Strong light poured in through all the stained glass windows, as if the sun were a fiery ring surrounding them. They made their way down the central aisle.
“Don’t worry about anyone coming in,” Wilfred said. His friend Juan, an altar boy, had assured him.
“I’m not worried,” Rhonda said. She turned and maneuvered her body along the pew that led to the window of the Good Shepherd. Like the other features of the church, it was brightly lit in a grotesque way.
“Here?” Wilfred chuckled. He was standing behind her, close.
She turned for a moment and saw him looking up at the stained glass. In her mind, she repeated the line from her invented prayer: You are one God in many authorities, come to judge the living and the dead …
“You want me to kiss you or something?” he said.

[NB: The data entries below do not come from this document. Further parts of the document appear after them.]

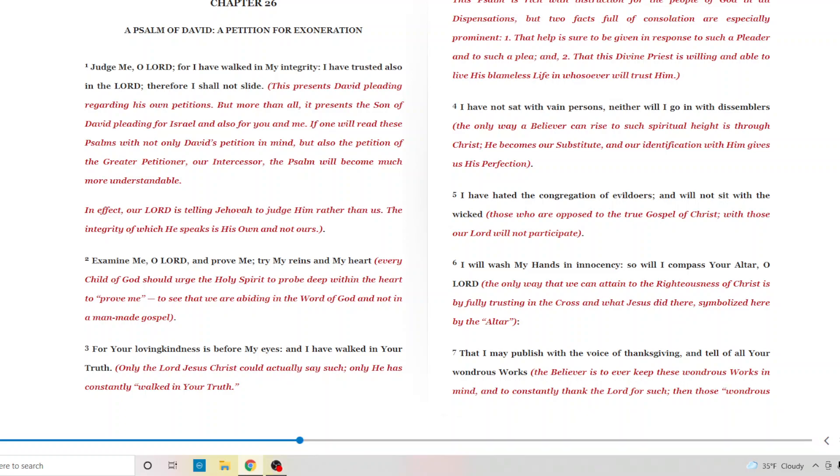God bless you today, for today is the day the Lord has made. I'm going to be reading Psalm chapter 26 and 27, and as always, we're going to ask God in the mighty name of Jesus to bless us with the revelation of this word and to hide it in our hearts so we can grow in the knowledge and grace of Jesus Christ and Him crucified.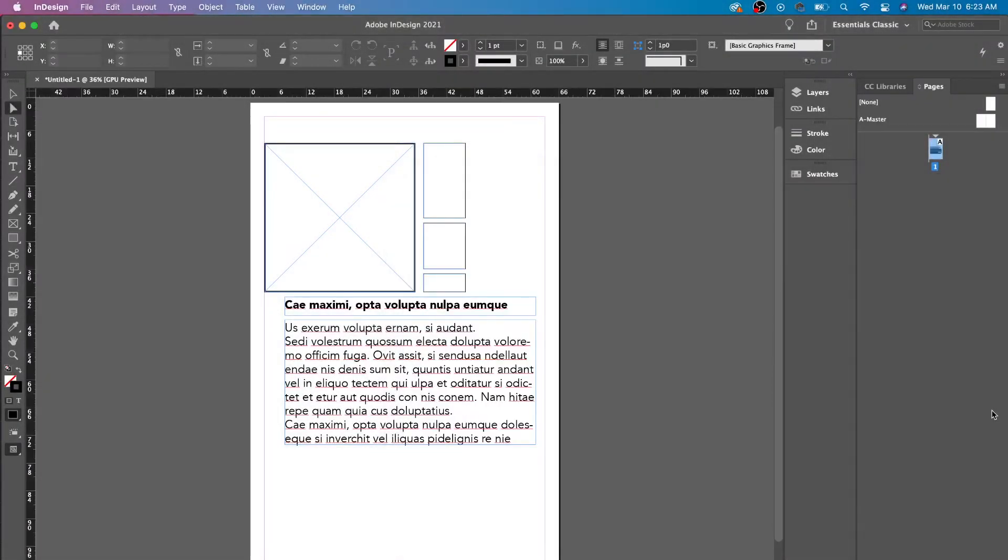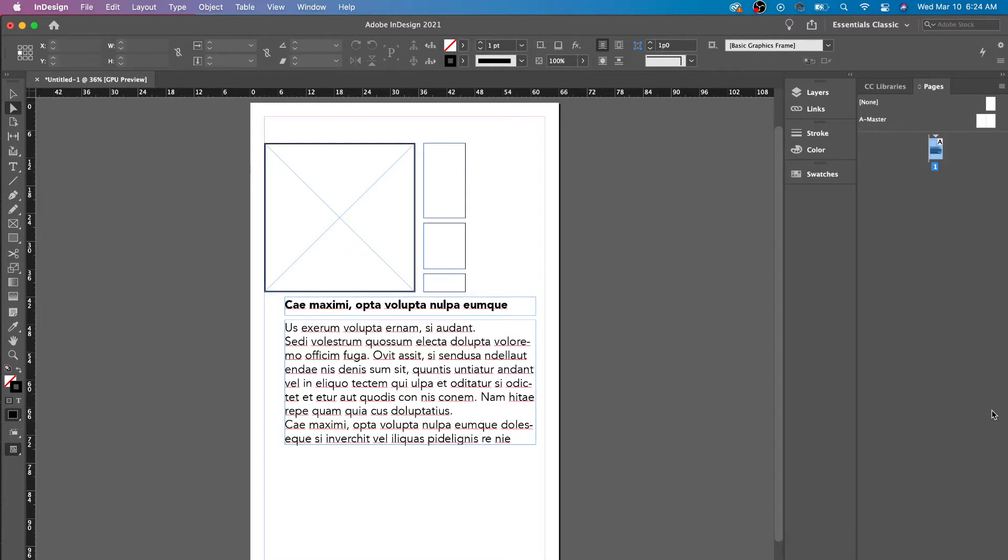Hey, this is the InDesign Helper. Today we're going to look at the Direct Selection Tool. It's very simple and similar to the Selection Tool. If you haven't watched that video, I'll put it up in the cards above.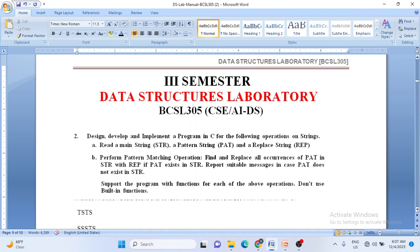Good morning everybody, welcome back to data structures lab. In today's class let us see lab program 2 which is related to strings. The problem statement says: design, develop and implement a program in C for the following operations on strings. First, read main string str, pattern string pat, and replace string rep. Second, perform pattern matching - find and replace all occurrences of pattern in str with the replace string if pattern exists. Report a suitable message if pattern does not exist. The program should not use built-in string library functions like strlen, strcpy, or strcmp.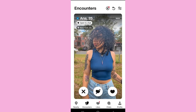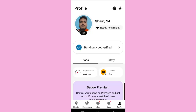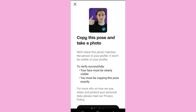First of all, open the app and log into your account. When you log into your Bodu account you will come to the encounter section. After that, tap on the profile icon on the bottom right and then go to My Profile. If you want to do the photo verification, you can simply tap on the 'Stand Out – Get Verified' section.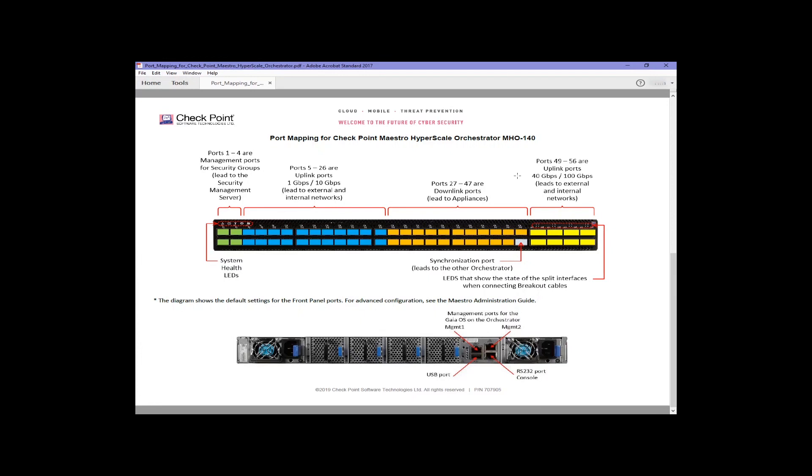You would typically plug into the serial port, do the configuration of the first management port, and then use the web user interface to communicate with the orchestrator over that management ethernet port.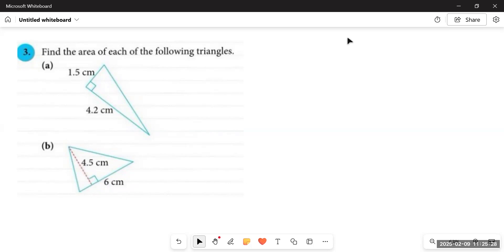Assalamualaikum dear students, how are you? I hope you'd be fine. Thank you. Today we are going to do a few questions related to Chapter 12, Exercise 12.1, dealing with perimeter and area of plane figures, in which we are going to talk about the area of triangle and rectangle in detail. Watch the video till the end and do not skip.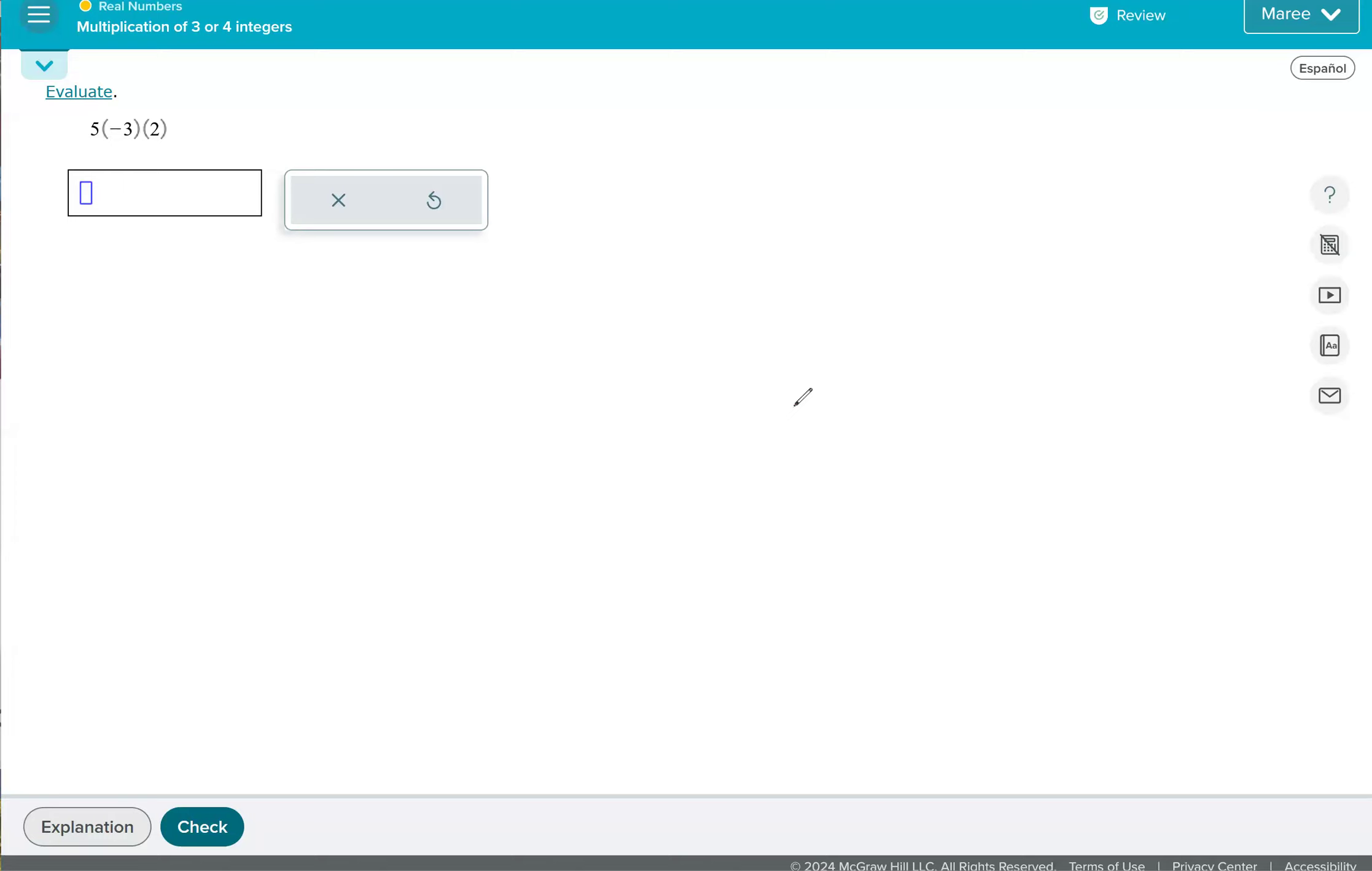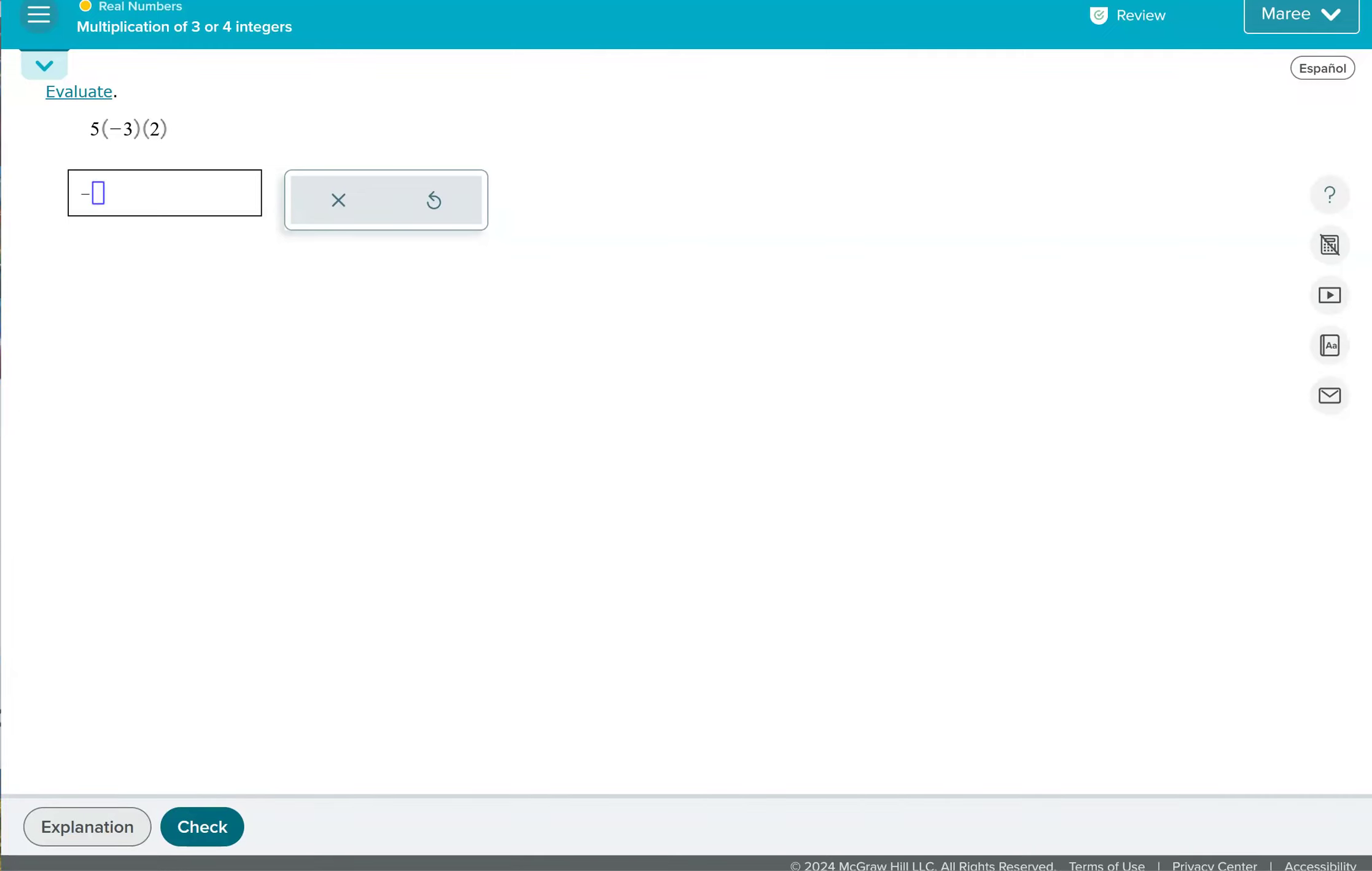For this problem, we're going to start by saying there's an odd number of negatives. There's one negative, so the answer will be negative. And then we can ignore the signs from here on out. We can do whatever order we want. So whatever is easier for you, I would probably do three times two is six and then take that six and times it by five to get 30. So the answer would be negative 30.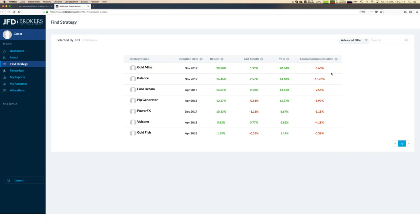Equity balance deviation means that, as you know from your own trading, there might be floating losses because you have open trades that might be positive or negative. From time to time they might be a little more negative, and that is exactly the equity balance deviation. We'll have a look at that number versus time when we go into the detailed strategies.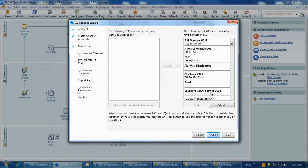One, if you're using ESC for the first time and haven't entered any vendors, then all you have to do is click the Import Vendors button and ESC will get all of your vendors from QuickBooks.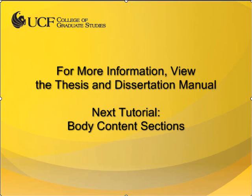This concludes the video tutorial for front matter sections. For more information, view the thesis and dissertation manual available on the College of Graduate Studies website. In the next video, I will discuss body content sections.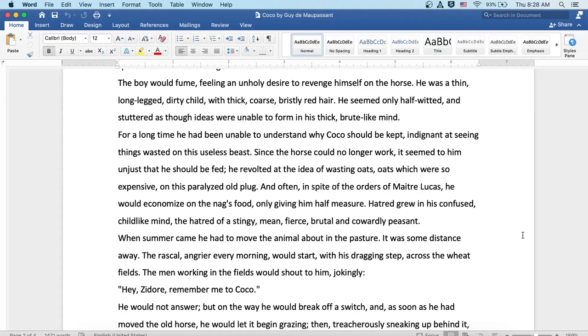Hatred grew in his confused childlike mind, the hatred of a stingy, mean, fierce, brutal, and cowardly peasant. When summer came, he had to move the animal about in the pasture. It was some distance away. The rascal, angrier every morning, would start with his dragging step across the wheat fields.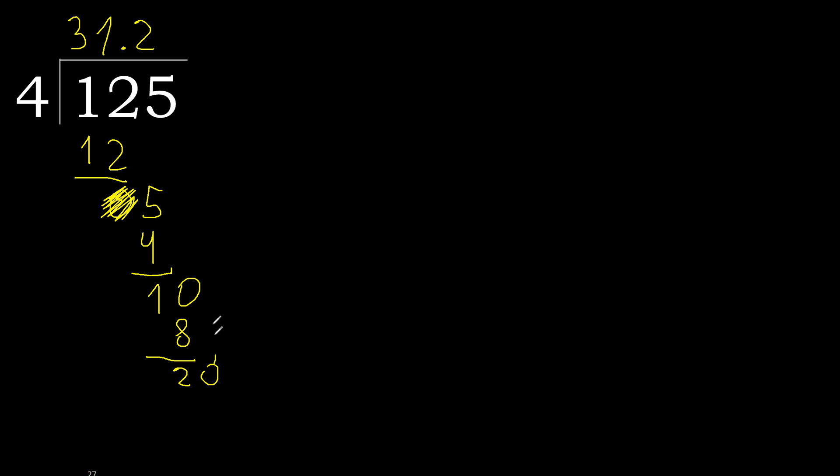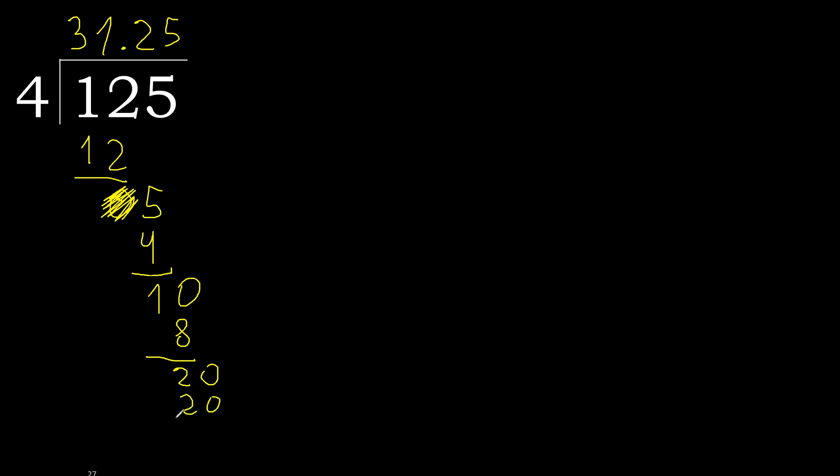Complete. 20. 4 multiplied by 5, 20, subtract, 0.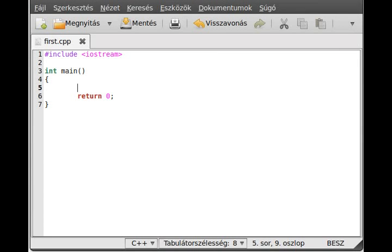Hello, in this video tutorial I want to show you the switch-case command in C++, so let's get started.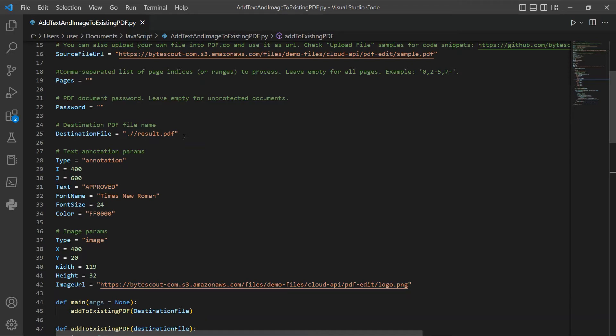Let's add our text details in the text annotation param. In lines 29 and 30, type in the text x and y coordinates.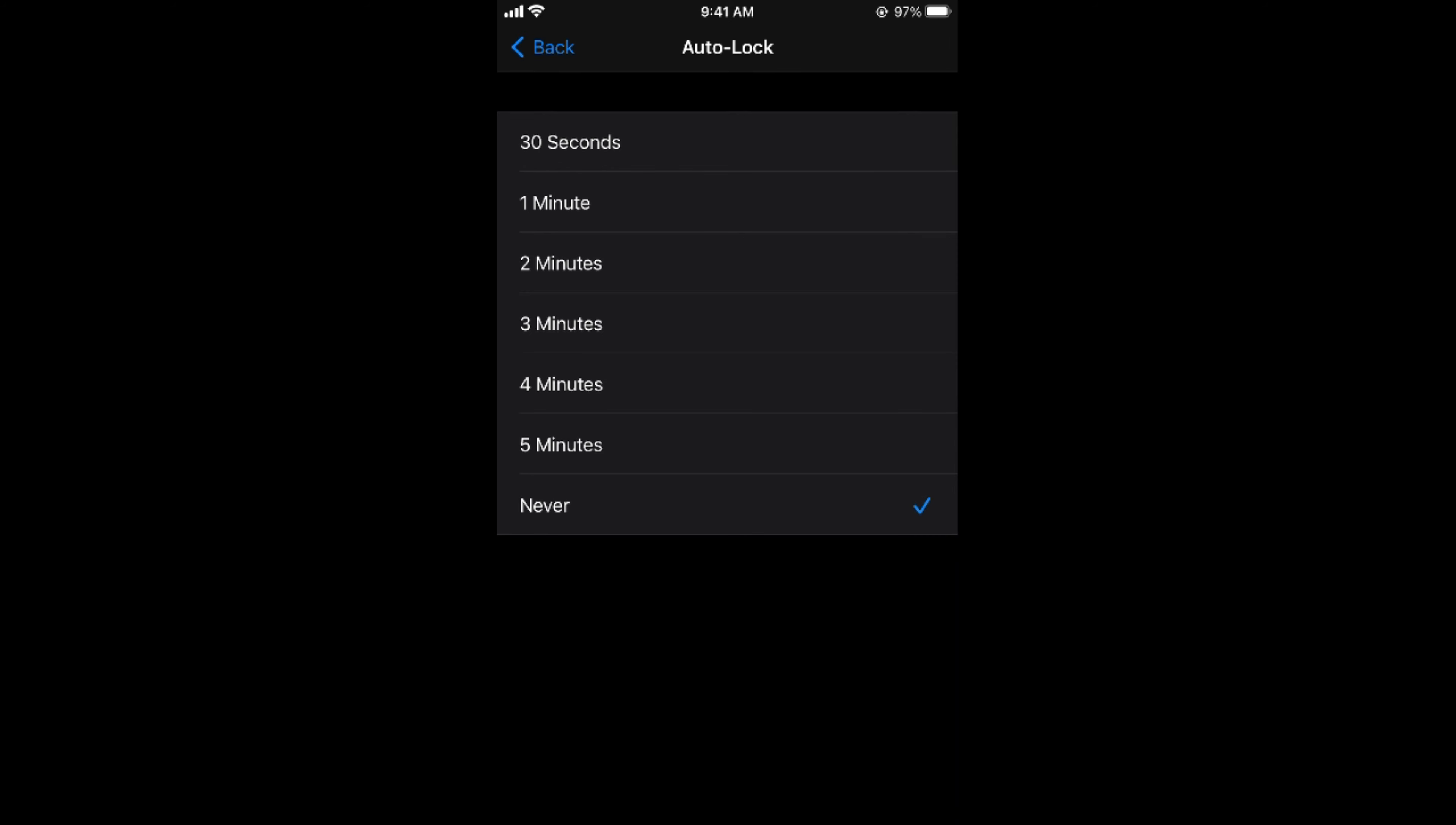So hope it has helped you in turning off the auto lock on iPhone on iOS 14 but before you go please like, subscribe and share, thank you.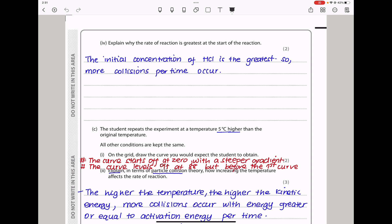Explain why the rate of reaction is greatest at the start of the reaction. At the start, the initial concentration of HCl is the greatest. There are more moles of HCl, and therefore there are more collisions per second taking place, so the rate of reaction is going to be the greatest.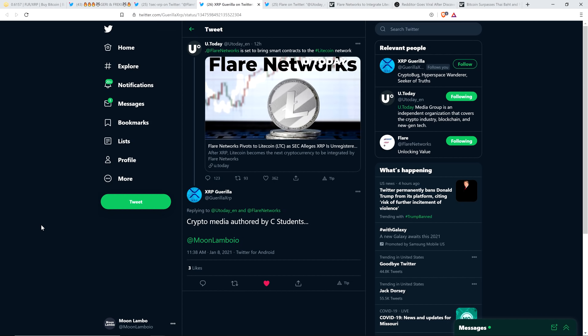Hello, this is Matt on the Moon Lambo channel. What is this, some kind of slap in the face to XRP holders? Do you see this headline from crypto media outlet U Today? It reads as follows: Flare Networks pivots to Litecoin as SEC alleges XRP is unregistered security.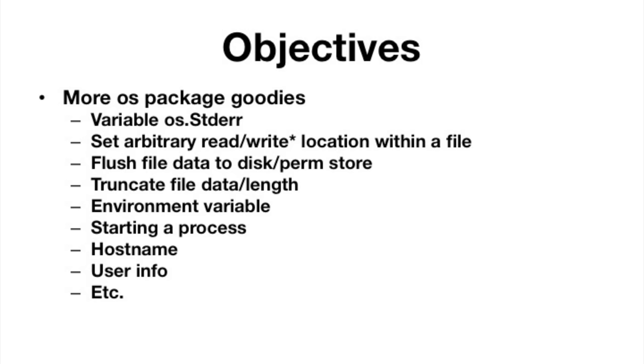Starting a process. So this is if you, within your program, you want to start another application, another process. So if you wanted to run like LS from within your program, for example, you can do it or anything else, right? It's just another process. So how do you do that? The OS package allows you to do that. Remember we're talking about the OS package and some of the things that are in there that we didn't look at.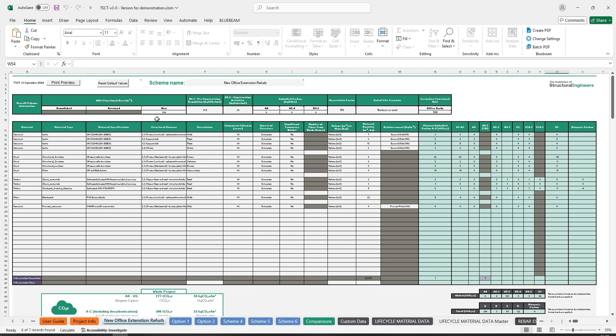This has an impact on cell E9, which will be the only cell that allows input for the GIA value.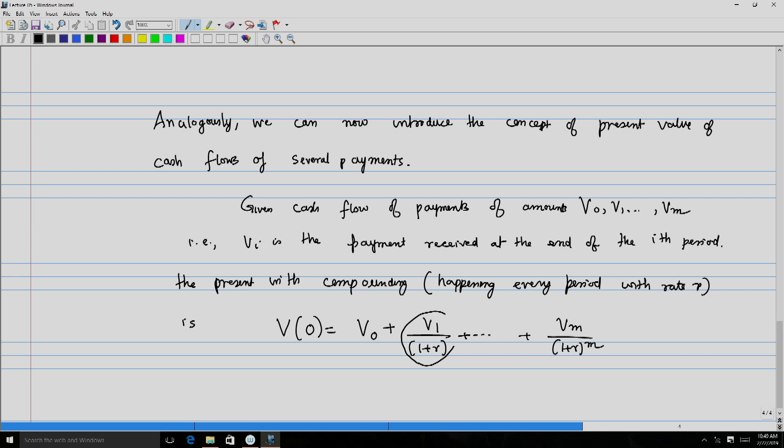Given cash flows of amounts V0, V1, ..., Vm — where Vi is the payment received at the end of the i-th period — the present value V0 with compounding at rate R per period is: V0 = V0 + V1/(1+R) + V2/(1+R)^2 + ... + Vm/(1+R)^m. For V0 received immediately its present value is itself; V1 received at end of period 1 is discounted by (1+R); and Vm received after m periods is discounted by (1+R)^m.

The folds in the Shepherd’s red and white robe were dense black lines, and his left arm, holding the staff, emerged out of pure darkness. In his other arm, the lamb was small and starkly white, with the elongated face of a pouting child.
“I know you don’t want to do that,” she said.
As Wilfred’s hands undid the buttons of her shirt and hastily pulled her breasts from the cups of her bra, she was captivated by the background, which she hadn’t taken notice of before. I believed these and all the lies … The landscape and sky were both rendered in wavelike sections. It was hard to tell where the land ended and the sky began, and the variety of colors—orchid, brass, royal blue, rose, crimson, and aquamarine—made Rhonda think of a terrible, unpredictable storm.
Wilfred’s hands grabbed and slid across the folds of her stomach while she studied the disk of light around the Shepherd’s head. He touched her back and she leaned toward the window, resting her elbows on the tops of the pews. She saw that tiny pearls described the entire curve of the Shepherd’s nimbus. His skin was white, almost as white as the lamb’s wool, but it was the eyes she was most interested in. As Wilfred’s hands fumbled under her skirt, Rhonda thought of her mother and Father Grancher. Your authority deceives and must be deceived … She leaned even closer and tried to find the Shepherd’s eyes underneath his lids, hoping to feel something real and blatant and sharp, much more than she’d managed to feel or convey with her old prayers, something the Shepherd’s downcast eyes couldn’t ignore.
Before Wolf reached for the wrought iron handles he knew the doors would be locked. He’d had a glimmer of hope because the gate was open, but as he’d suspected, the church was inaccessible.